Many of the cognitive dimensions can be defined in terms of these two elements: the degree of disruption that they cause to the task and the anticipated benefits of the activities that cause the disruption. We describe disruption in terms of the "locus of attention" of a programmer. What is locus of attention? It is generally possible to describe some attentional focus during programming work (a place on the screen that I am looking at, a key I am pressing, a location of the mouse pointer, a page in my desk diary). This is not inconsistent with cognitive models of attention (Hardcastle 1998). There is some effort or cost entailed in attending to a sequence of foci, and it increases with the length of the sequence. Repetition viscosity is annoying because it results in a long sequence of attentional foci. Discontinuities in the attentional focus also have a cost. A flowchart too large to fit on a screen offers poor visibility, recognisable in the discontinuities of attentional focus as the user scrolls the view window to a different part of the chart (locate the scrollbar on the screen, estimate how far to move, decide whether to click on the arrow or drag the bar, use the wheel on the mouse, or the page-down key, or move the cursor down until the screen scrolls automatically).

Invoking an abstraction manager to define a new abstraction (defining a macro, programming a quick-dial code) often brings a rather extreme discontinuity in the locus of attention. It's justified, though, because we expect significant advantages in the future. In fact, we wouldn't write programs at all if we didn't think they were going to be useful sometime in the future - the whole thing is just a distraction from the locus of attention of real life (drinking beer, folk dancing and playing music).

We have in the past described the "ironies of abstraction" (Green and Blackwell 1996) - the fact that abstraction is a costly tool, often bringing added labour in the pursuit of labour saved. Abstraction is a very good example of this irony, but the abstraction-related cognitive dimensions are not the only example. Secondary notation, for example, is an investment in the future requiring a short-term dislocation of attention (the degree of dislocation depending on how well the environment supports secondary notation).

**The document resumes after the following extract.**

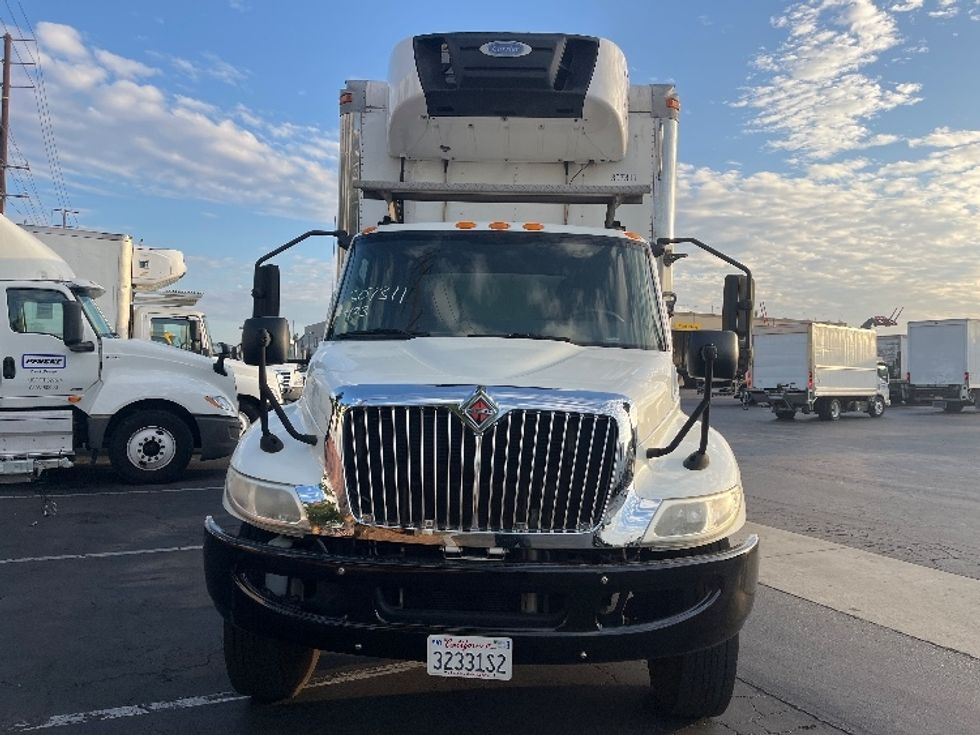 Refrigerated Truck-Light and Medium Duty Trucks-International-2020-MV607-Torrance-CA-168,747\n\t\tmiles-$ 52,500 - Image 2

If we further consider the "locus of attention" traversing not only the world but the information behind the eyes of the programmer, as suggested by the results of Carlson, Wenger and Sullivan (1993), we see that cognitive dimensions such as hard mental operations also force a dislocation of attention as we use external crutches for working memory limitations.

Our current project is to describe the cognitive dimensions in terms of their associated dislocation in locus of attention, and in terms of the payoff that initiates that dislocation. The rest of this paper analyses a number of situations in which attention is critical to programming and other contexts of interacting with information artefacts.

Investment of attention in programming contexts

Let's consider some further situations that occur during programming in which it is necessary to make an investment of attention and accept some risk with regard to that investment.

As we can see, some investment decisions can entail a large amount of attention, expended by a sizeable number of people. Even large investments can be risky, though. Where larger groups of people are involved, the payback on the investment will often be received by someone other than the original programmer. This also happens in areas of the software industry that are less obviously programming tasks. What about the design of a web site? A large team of people can invest a lot of attention in creating a useless web site that nobody ever looks at. Would it be any better if people did look at it? If 1000 people read through a web site that has no useful information, it is the viewers who have made a risky investment of attention. Perhaps in this situation, it would be better for the programmers (builders) of the site to make it obvious that it is not useful - doing so would save attention overall.

Attention economies

This takes our argument into familiar territory. It is well known that attention is valuable in the commercial world - companies pay to get the attention of web-surfers just as they pay for the attention of viewers watching television commercials. Portante and Tarro (1997) report Richard Lanham's proposal of an attention economy, which recognises that as information is not a particularly scarce resource, we can hardly be said to have an information economy. Lanham suggests that attention is the scarce resource which must be allocated in the developing global economy. This is true in many different fields - the value of attention is simply more explicit on the Web - personal home pages are adorned with web counters, and banner advertisements are priced according to the number of "click-throughs".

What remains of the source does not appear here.